Friday, October 12, 2007

A heavenly nursling

As epigraphs for his book The Closing of the Western Mind: The Rise of Faith and the Fall of Reason, Charles Freeman quotes the 5th century B.C. playwright Euripides...
Blessed is he who learns how to engage in inquiry, with no impulse to harm his countrymen or to pursue wrongful actions, but perceives the order of immortal and ageless nature, how it is structured.
...and, from the late-4th/early-5th century A.D., Augustine of Hippo...
There is another form of temptation, even more fraught with danger. This is the disease of curiosity...It is this which drives us to try and discover the secrets of nature, those secrets which are beyond our understanding, which can avail us nothing and which man should not wish to learn.
And there you have it, a conflict which still resounds, to which this site has often turned its collective attention.
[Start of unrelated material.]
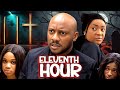Eleventh Hour Full Movie Yul Edochie Lizzy Gold Nigerian Movies 2025 Latest Full Movies
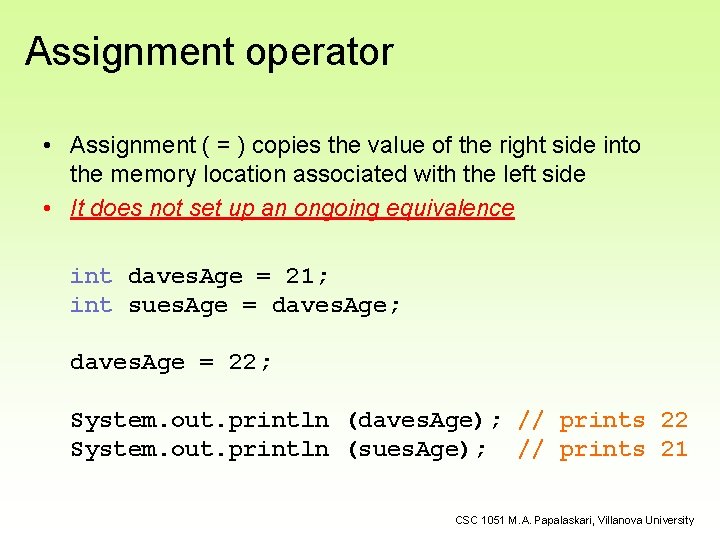Assignment operator • Assignment ( = ) copies the value of the right side Assignment operator • Assignment ( = ) copies the value of the right side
Freeman's excellent book traces the rise of the Greek tradition of reasoned empiricism, which led to such stunning intellectual achievements in antiquity as the syllogistic logic of Aristotle, the geometry of Euclid, the geography of Eratosthenes, the astronomy of Aristarchus and Claudius Ptolemy, the medicine of Galen, the physics of Archimedes, and the natural philosophy of Lucretius. The Greek empiricists were confident in the ability of the human mind to gather some measure of truth about the world, but fully cognizant that truth (other than mathematical) is a tentative and evolving thing. This tradition endured within the Roman empire right up to the time of Constantine, although threatened by the Pauline attack on Greek philosophy, the adoption of Platonism by Christian theologians, and the enforcement of orthodoxy by emperors desperate to keep good order. To these erosive forces listed by Freeman, I would add the usual human vices, to which both Christians and pagans were subject, and to which the Sermon on the Mount and the Meditations of Marcus Aurelius are useful antidotes.

"By the 5th century, not only has rational thought been suppressed," writes Freeman, "but there has been a substitution for it of 'mystery, magic and authority.'" Pope Gregory the Great warned those with a rational turn of mind that by looking for cause and effect in the natural world they ignored the true cause of all things, the will of God. With the post-Constantine consolidation of dogmatic Christianity, the Greek door that led away from supernaturalism was firmly closed. The Athenian philosopher Proclus made the last recorded astronomical observation in the ancient world in A. D. 475; it would be a millennium before Copernicus resumed the tradition.

I tried to express this tension between Greek rational empiricism and Christian faith-based supernaturalism in my novel Valentine, which is set in the Roman world just prior to Constantine's epochal tipping of the scale firmly to the side of "mystery, magic and authority." Each of us, of course, will find a place somewhere on the scale. As Freeman's book amply demonstrates, naturalism and supernaturalism do not rest comfortably together. However, the Greek rational empiricists were not immune to wonder. Claudius Ptolemy was the greatest of the ancient scientific astronomers, but he remained in awe of the natural world:
I know that I am mortal, ephemeral; yet when I track the
Clustering spiral orbits of the stars
My feet touch earth no longer: a heavenly nursling,
Ambrosia-filled, I company with God.